== MATERIAL PROVIDED ==
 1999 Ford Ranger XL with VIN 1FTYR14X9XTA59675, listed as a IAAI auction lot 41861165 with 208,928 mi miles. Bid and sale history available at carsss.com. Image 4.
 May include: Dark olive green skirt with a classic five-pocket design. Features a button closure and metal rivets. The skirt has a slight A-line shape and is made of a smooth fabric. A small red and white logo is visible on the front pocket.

* * *

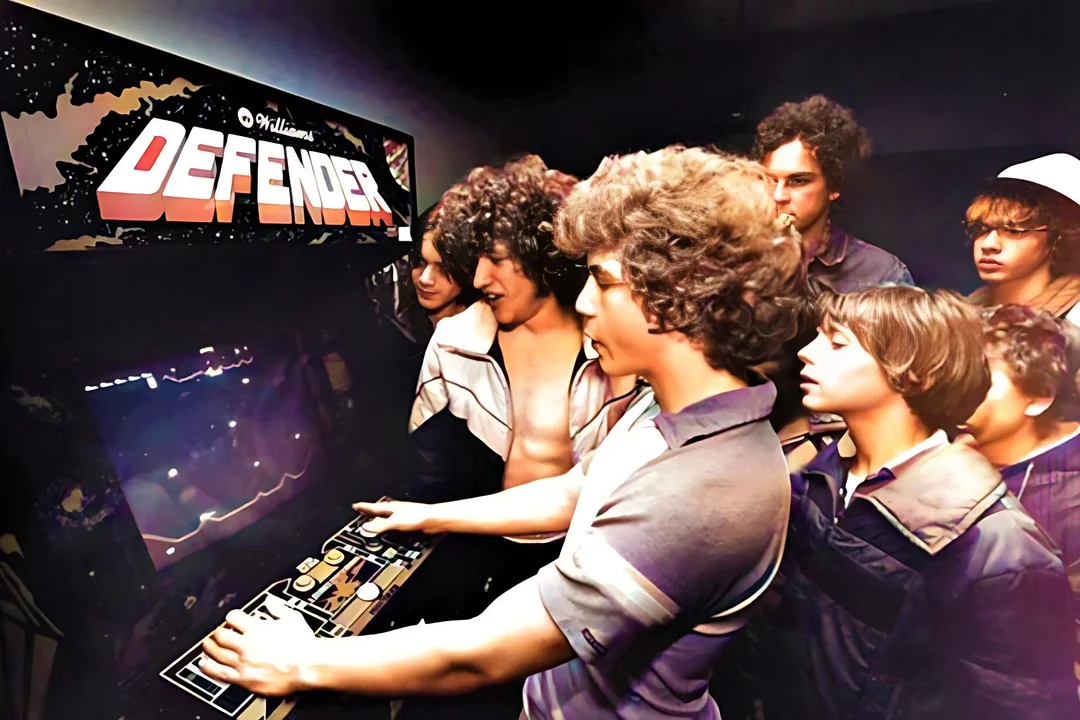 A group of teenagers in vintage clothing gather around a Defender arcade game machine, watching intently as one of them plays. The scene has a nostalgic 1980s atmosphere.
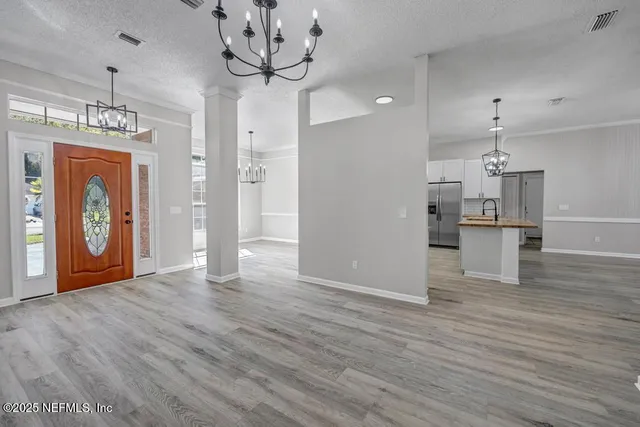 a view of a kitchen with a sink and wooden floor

== WHAT THIS TASK INVOLVES ==
Please give an exact copy of the lines above, beginning with the line containing "1999 Ford Ranger" and running through the line containing "May include: Dark", and of no other lines.

== ANSWER TO THE PROBLEM ==
 1999 Ford Ranger XL with VIN 1FTYR14X9XTA59675, listed as a IAAI auction lot 41861165 with 208,928 mi miles. Bid and sale history available at carsss.com. Image 4.
 May include: Dark olive green skirt with a classic five-pocket design. Features a button closure and metal rivets. The skirt has a slight A-line shape and is made of a smooth fabric. A small red and white logo is visible on the front pocket.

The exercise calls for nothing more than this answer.